■ YOUR INSTRUCTIONS: Write every record out again exactly, and keep images out of it.

■ INFORMATION SHOWN:
───
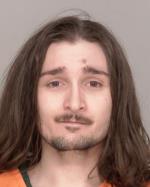 Mugshot of Dominick James Walters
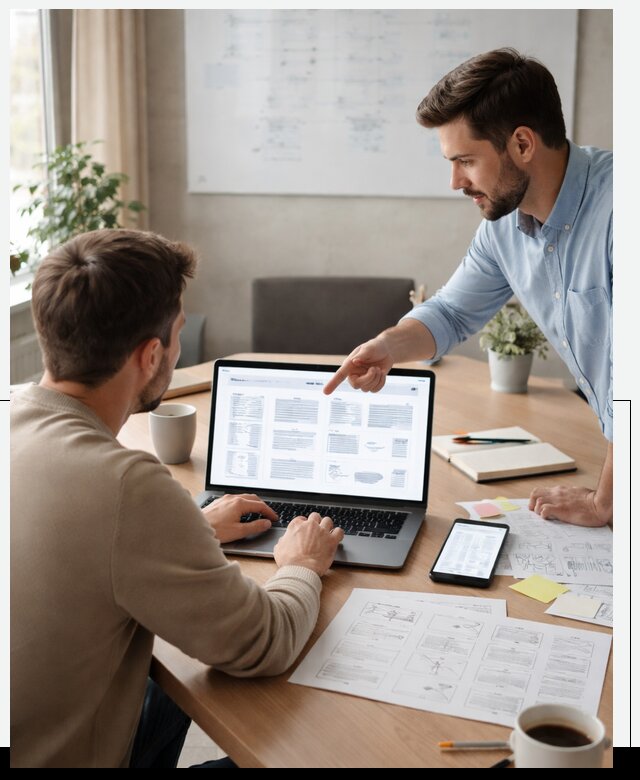 Разработка веб-приложений под ключ в Балахне от 12538 р. - АвикейБлх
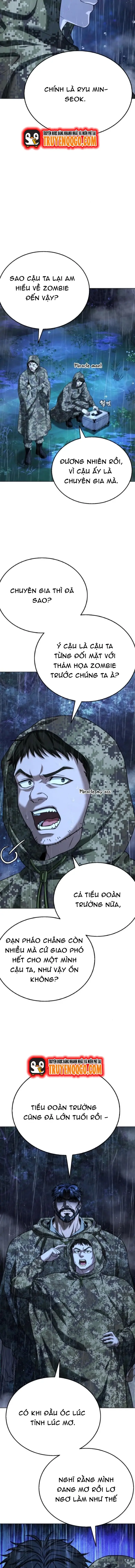 Người Cha Xác Sống Chap 13 - Next Chap 14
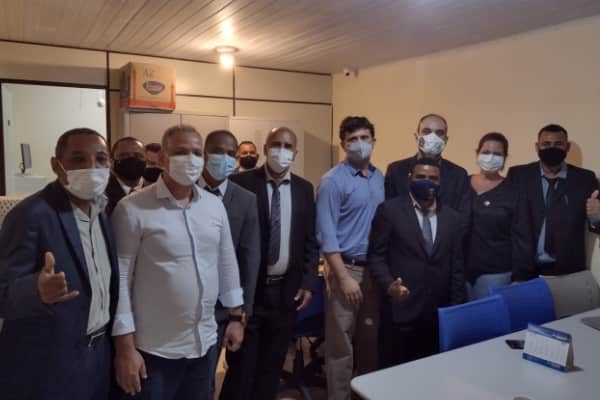 CRBM2 participa de Audiência Pública na Câmara de Itacaré, na Bahia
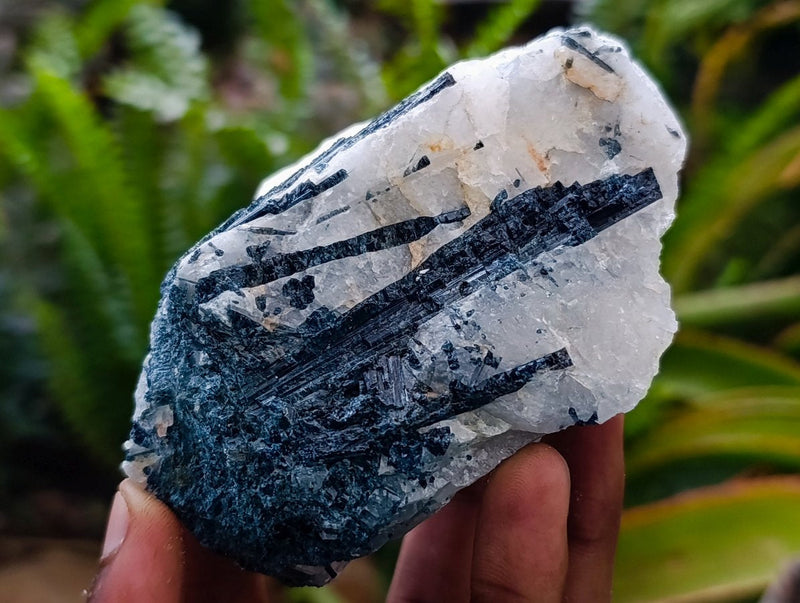 INDICOLITE TOURMALINE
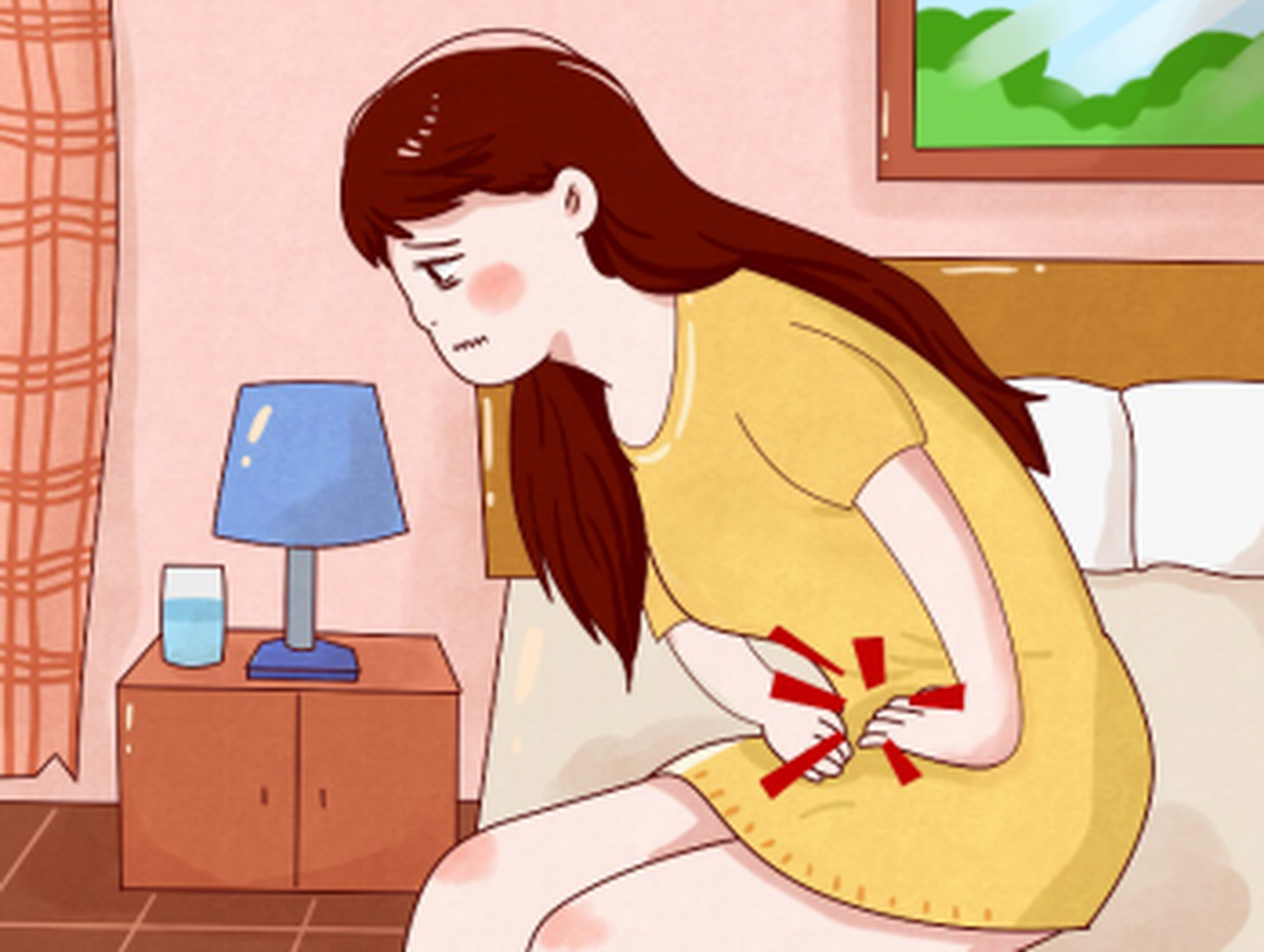 别小看痛经,有可能是子宫腺肌症! 问题一:什么是子宫腺肌症?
───
■ RESULT:
 Mugshot of Dominick James Walters
 Разработка веб-приложений под ключ в Балахне от 12538 р. - АвикейБлх
 Người Cha Xác Sống Chap 13 - Next Chap 14
 CRBM2 participa de Audiência Pública na Câmara de Itacaré, na Bahia
 INDICOLITE TOURMALINE
 别小看痛经,有可能是子宫腺肌症! 问题一:什么是子宫腺肌症?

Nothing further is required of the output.